* WORK TO COMPLETE *
Copy the data that follows exactly as it is, excluding all pictures.

* RECORDS SHOWN *
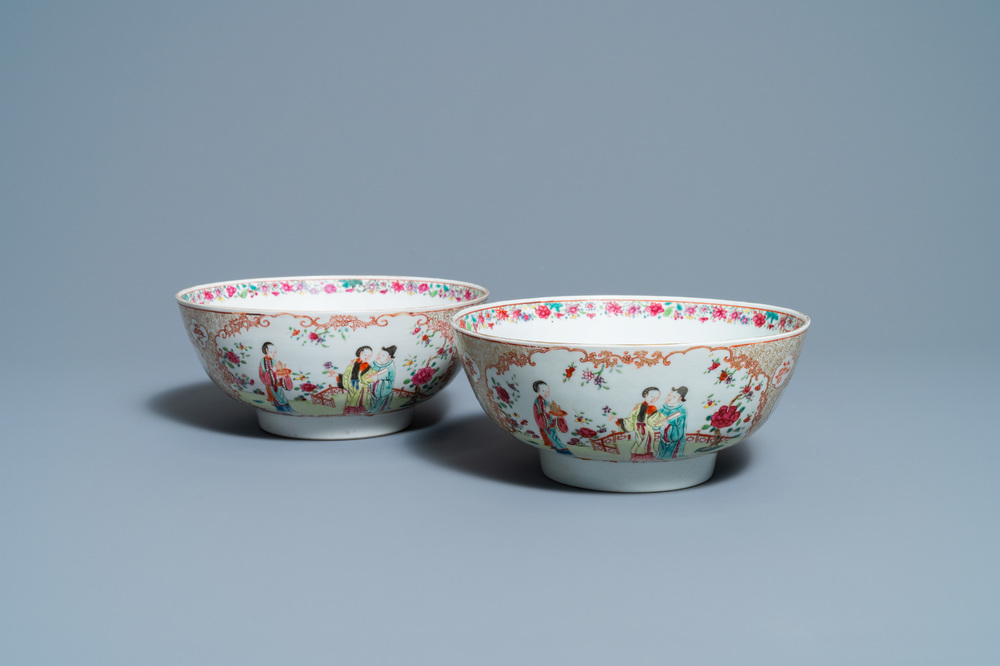 A pair of Chinese famille rose 'Mandarin' bowls, Qianlong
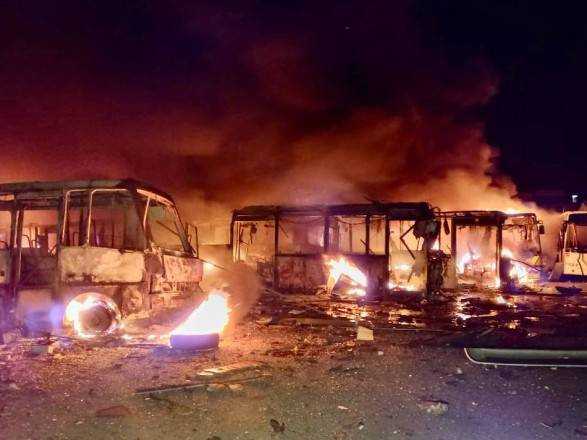 У Дніпрі від обстрілів пожежа: згоріло більше 100 автобусів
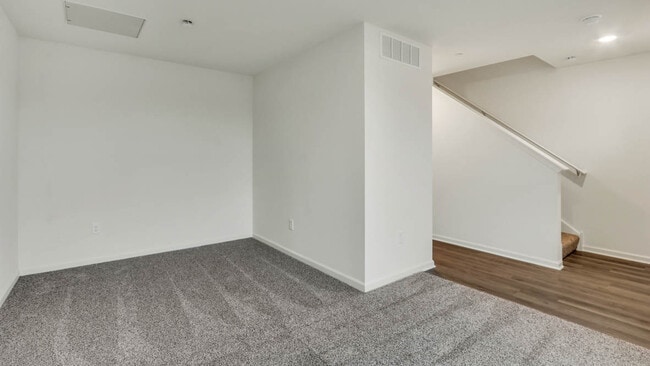 569 Yosemite Way, Mundelein, IL 60060 - photo 7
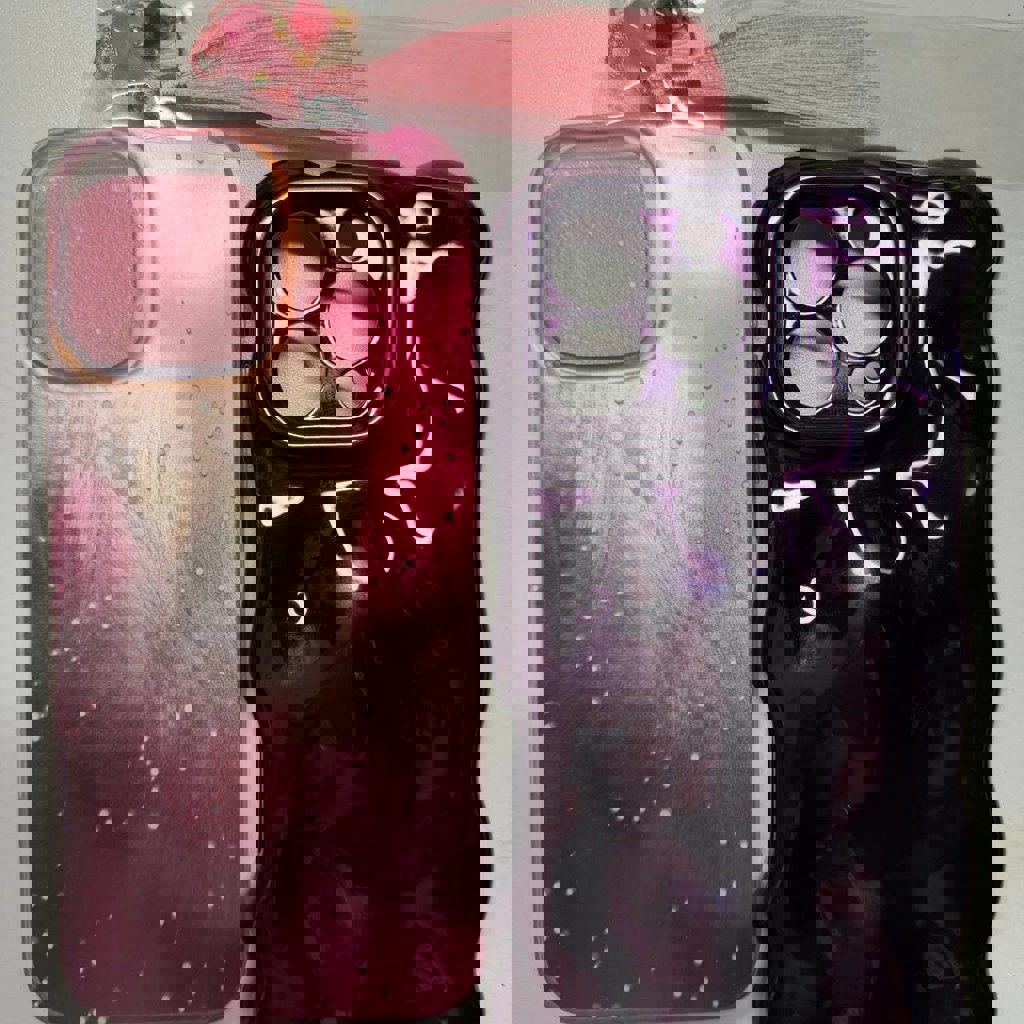 Чехлы на iPhone 16 Pro Max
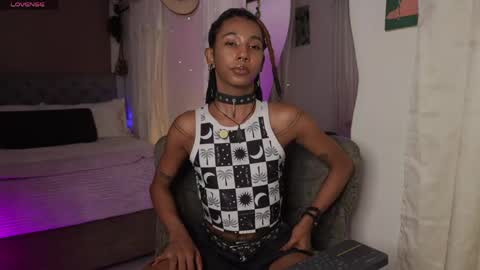 Snapshot of wayuu_goddess chatting on April 30, 11:20 pm Wayuu Goddess 3 online show from April 30, 11:20 pm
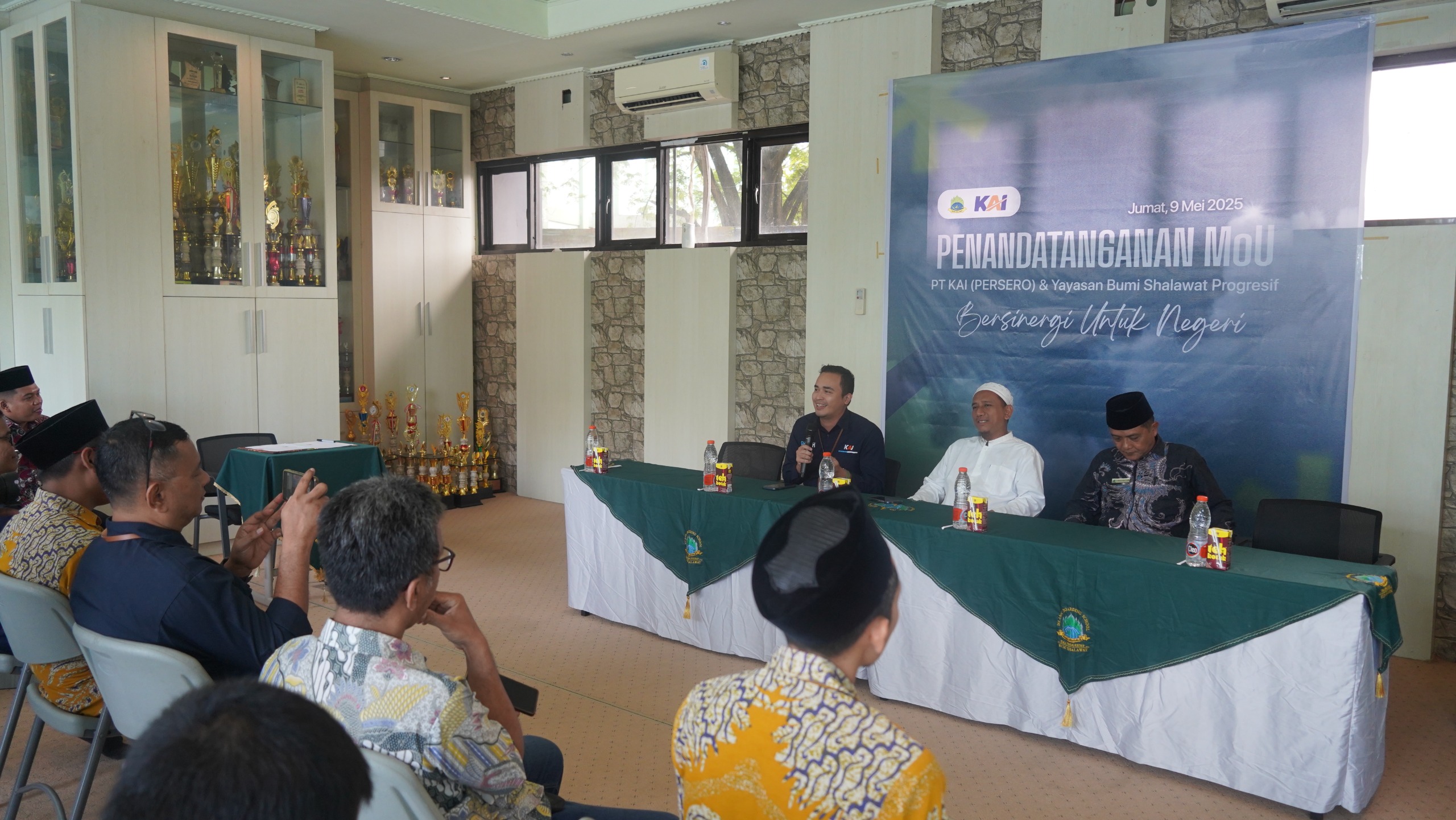 Dukung Mobilitas Santri dan Pengurus Pondok Pesantren, KAI Daop 8 dan Yayasan Bumi Shalawat Progresif Sidoarjo Tandatangani Kerjasama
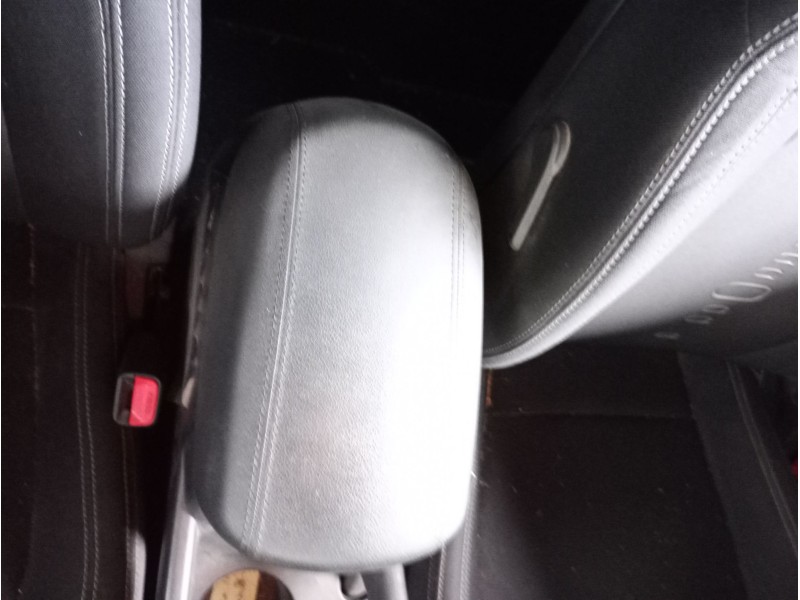 Recambio de apoyabrazos central para kia sportage iii (sl) 1.7 crdi referencia OEM IAM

* RESULT *
 A pair of Chinese famille rose 'Mandarin' bowls, Qianlong
 У Дніпрі від обстрілів пожежа: згоріло більше 100 автобусів
 569 Yosemite Way, Mundelein, IL 60060 - photo 7
 Чехлы на iPhone 16 Pro Max
 Snapshot of wayuu_goddess chatting on April 30, 11:20 pm Wayuu Goddess 3 online show from April 30, 11:20 pm
 Dukung Mobilitas Santri dan Pengurus Pondok Pesantren, KAI Daop 8 dan Yayasan Bumi Shalawat Progresif Sidoarjo Tandatangani Kerjasama
 Recambio de apoyabrazos central para kia sportage iii (sl) 1.7 crdi referencia OEM IAM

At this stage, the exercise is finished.